3 beeps (I can count that high on one hand!) -- one long followed by two short.

I pulled the mobo back out of the case early in my debugging attempts, so no short. With everything I've read about their "wonderful" support, I'm not looking forward to calling ASUS tomorrow morning. Maybe I should just send it back to NewEgg. What a royal pain...


----------



## xCon (Oct 29, 2003)

when i tried pulling out the usb devices, it only made 1 beep,.. compared to it beeping 2 short, 1 long!


----------



## Mental_Myopia (Oct 10, 2003)

I bet you disconnected two USB devices. The motherboard will beep one time for each USB device it detects when it boots up. This fact is posted on the Asus website, but I'm the only one on these forums who's aware of this.
The single beep is most likely the beep it makes to let you know the BIOS posted.

Now that we have the beeps explained, lets ignore them.

What are all of your BIOS settings? Something might not be set correctly in there.

Are both power connections to the motherboard secure?

Is the CPU fan assembly too tight on the CPU?


----------



## wysiwyg (Nov 1, 2003)

Mental_Myopia said:


> *I bet you disconnected two USB devices. The motherboard will beep one time for each USB device it detects when it boots up. This fact is posted on the Asus website, but I'm the only one on these forums who's aware of this.
> The single beep is most likely the beep it makes to let you know the BIOS posted.
> 
> Now that we have the beeps explained, lets ignore them.
> ...


I never had any usb devices attached to the board. The board DOESN'T post at all. No post, no vid, nothing but 3 beeps. 3 beeps. 3 beeps - over and over and over. Explain that.

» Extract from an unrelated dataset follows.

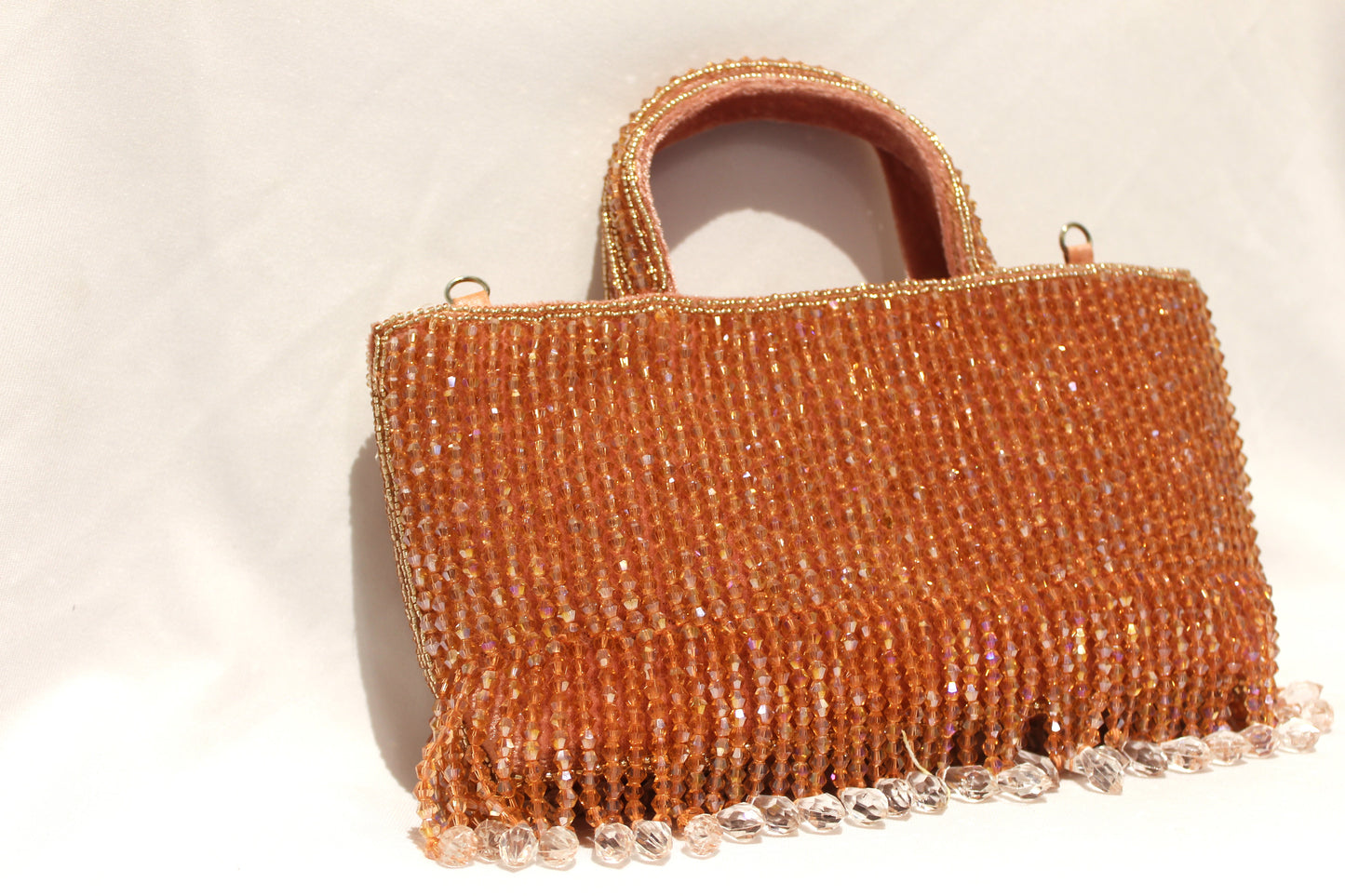 Rose gold Hanging pearls clutch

To answer your questions: I don't have a clue (see above), yes - checked and rechecked multiple times, and no.

Anyway, I'm RMAing it back to NewEgg.


----------



## xCon (Oct 29, 2003)

My Mobo didn't post at all at first, then i figure out that its my RAM,... i had 2 sticks of 1 gig pc2100s from hyperram- cheap no name brand. the I got the corsairs,.. now my computer flows perfect, except when I try to install Norton Systemworks 2004. then it gets all crashy and stuff, won't run norton ghost 2003 or 2004.


----------



## xCon (Oct 29, 2003)

The AMI Bios (American Megatrends Inc. Bios) is a very common BIOS that has a pretty descriptive beep pattern. Note that as with other beep codes, these codes can also occur if something is wrong with the motherboard, so the codes are only useful if the motherboard itself is reporting the error properly. 

BIOS BEEP PATTERN: 

1 short DRAM refresh failure 

2 short Parity circuit failure 

3 short Base 64K RAM failure 

4 short System timer failure 

5 short Process failure 

6 short Keyboard controller Gate A20 error 

7 short Virtual mode exception error 

8 short Display memory Read/Write test failure 

9 short ROM BIOS checksum failure 

10 short CMOS shutdown Read/Write error 

11 short Cache Memory error 

1 long, 3 short Conventional/Extended memory failure 

1 long, 8 short Display/Retrace test failed 

Detailed explanations: 

1 short: DRAM refresh failure 
The circuitry used to refresh the DRAM has failed. 

2 short: Parity circuit failure 
This relates to parity checking. The circuitry used to check the parity bit on system memory is failing. 

3 short: Base 64K RAM failure 
There was a problem with accessing the first 64Kb of memory. Swap out each memory stick to try and see if you can bypass the problem. Try swapping between various slots too. This error occurs if the motherboard is also failing so if none of your RAM works then the motherboard might be at fault. 

4 short: System timer failure 
The motherboard is toast (some timer or other on the circuit is failing)! 

4 short: System timer failure 
The motherboard is toast (some timer or other on the circuit is failing)! 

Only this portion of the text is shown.